Jesús agrega una frase que podemos llamar programática, porque reaparece al final del Evangelio de Juan, como el objetivo de toda la obra. Afirmando la necesidad de la fe para alcanzar la vida eterna, Jesús dice a Nicodemo: «El que cree en Él, no es condenado; pero el que no cree, ya está condenado, porque no ha creído en el Nombre del Hijo único de Dios». Sabemos que en la mentalidad semita el «nombre» está en el lugar de la persona, en este caso de la Persona de Jesús, que es divina, la segunda Persona de la Trinidad. Debemos, por tanto, creer que Dios envió a su Hijo al mundo en una forma que ningún profeta siquiera sospechó, es decir, hecho hombre, asumiendo nuestra misma naturaleza en la unidad de su Persona divina: «Cuando se cumplió la plenitud del tiempo, envió Dios a su Hijo, nacido de mujer» (Gal 4,4).
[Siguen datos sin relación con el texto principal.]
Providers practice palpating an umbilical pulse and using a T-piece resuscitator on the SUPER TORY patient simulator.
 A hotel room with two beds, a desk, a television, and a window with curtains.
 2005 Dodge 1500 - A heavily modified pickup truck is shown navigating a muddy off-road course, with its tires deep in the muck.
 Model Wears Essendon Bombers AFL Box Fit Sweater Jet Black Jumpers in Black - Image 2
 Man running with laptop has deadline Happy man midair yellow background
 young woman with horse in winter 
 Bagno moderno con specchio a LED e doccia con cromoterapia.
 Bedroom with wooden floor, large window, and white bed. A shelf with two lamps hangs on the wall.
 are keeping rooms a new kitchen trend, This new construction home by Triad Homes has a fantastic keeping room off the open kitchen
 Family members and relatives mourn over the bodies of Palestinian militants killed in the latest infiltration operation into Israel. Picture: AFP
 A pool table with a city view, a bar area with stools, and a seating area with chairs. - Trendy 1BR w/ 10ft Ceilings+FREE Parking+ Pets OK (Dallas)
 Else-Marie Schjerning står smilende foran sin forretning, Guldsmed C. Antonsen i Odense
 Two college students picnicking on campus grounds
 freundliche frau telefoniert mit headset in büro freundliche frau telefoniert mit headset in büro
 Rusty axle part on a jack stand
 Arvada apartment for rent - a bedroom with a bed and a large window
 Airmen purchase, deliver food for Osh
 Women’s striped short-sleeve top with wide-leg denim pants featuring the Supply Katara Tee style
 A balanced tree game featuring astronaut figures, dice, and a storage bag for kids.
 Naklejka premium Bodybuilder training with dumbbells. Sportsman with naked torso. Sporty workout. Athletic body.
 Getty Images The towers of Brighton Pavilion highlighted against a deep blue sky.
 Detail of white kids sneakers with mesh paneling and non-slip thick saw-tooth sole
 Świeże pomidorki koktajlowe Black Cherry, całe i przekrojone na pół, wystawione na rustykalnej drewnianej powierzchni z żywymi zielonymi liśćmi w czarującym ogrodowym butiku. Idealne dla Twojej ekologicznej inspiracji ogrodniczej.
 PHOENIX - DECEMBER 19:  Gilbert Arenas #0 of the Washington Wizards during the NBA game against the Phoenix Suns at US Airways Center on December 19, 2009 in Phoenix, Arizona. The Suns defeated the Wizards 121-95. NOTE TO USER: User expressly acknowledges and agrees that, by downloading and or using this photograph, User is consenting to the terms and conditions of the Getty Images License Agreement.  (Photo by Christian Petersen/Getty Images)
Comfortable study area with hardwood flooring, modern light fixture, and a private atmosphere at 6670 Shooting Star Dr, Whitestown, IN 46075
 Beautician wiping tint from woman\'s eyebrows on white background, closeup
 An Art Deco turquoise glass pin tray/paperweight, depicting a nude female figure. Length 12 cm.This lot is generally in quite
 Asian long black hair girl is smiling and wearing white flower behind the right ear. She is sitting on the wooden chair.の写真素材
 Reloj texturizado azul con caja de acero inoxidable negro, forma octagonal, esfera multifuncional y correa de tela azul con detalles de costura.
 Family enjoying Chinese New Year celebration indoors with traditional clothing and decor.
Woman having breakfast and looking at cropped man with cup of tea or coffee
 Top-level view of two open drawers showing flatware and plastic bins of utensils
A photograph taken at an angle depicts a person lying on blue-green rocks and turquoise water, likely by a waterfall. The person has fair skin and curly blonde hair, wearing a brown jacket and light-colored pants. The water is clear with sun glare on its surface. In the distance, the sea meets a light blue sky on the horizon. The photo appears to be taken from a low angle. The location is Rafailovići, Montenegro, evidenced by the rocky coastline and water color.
Por eso, creer en su Nombre significa confesar que Él es verdadero Dios y verdadero hombre. Dijimos que esta fe es la finalidad del Evangelio de Juan, tal como él lo declara: «Jesús realizó en presencia de los discípulos otros muchos signos que no están escritos en este libro. Estos han sido escritos para que ustedes crean que Jesús es el Cristo, el Hijo de Dios, y para que creyendo tengan vida en su Nombre» (Jn 20,30-31).

Verdaderamente, habiendo sido reveladas estas cosas a Nicodemo y a nosotros, se cumple en nosotros lo que dijo Jesús a sus discípulos: «¡Bienaventurados los ojos de ustedes, porque ven, y los oídos de ustedes, porque oyen! Pues, en verdad les digo que muchos profetas y justos desearon ver lo que ustedes ven, pero no lo vieron, y oír lo que ustedes oyen, pero no lo oyeron» (Mt 13,16-17). Moisés, el profeta Isaías, Jeremías y todos los profetas ¡cuánto habrían deseado ver y oír a Jesús! Esto se nos concede a nosotros por puro amor.

Este tiempo de Cuaresma es para que también nosotros, como San Pablo, contemplemos el amor que nos ha tenido el Hijo de Dios y creamos siempre más en su Nombre. Considerando quién es el que nos ha amado y hasta qué punto, podremos comprender que la indiferencia es una grave ofensa.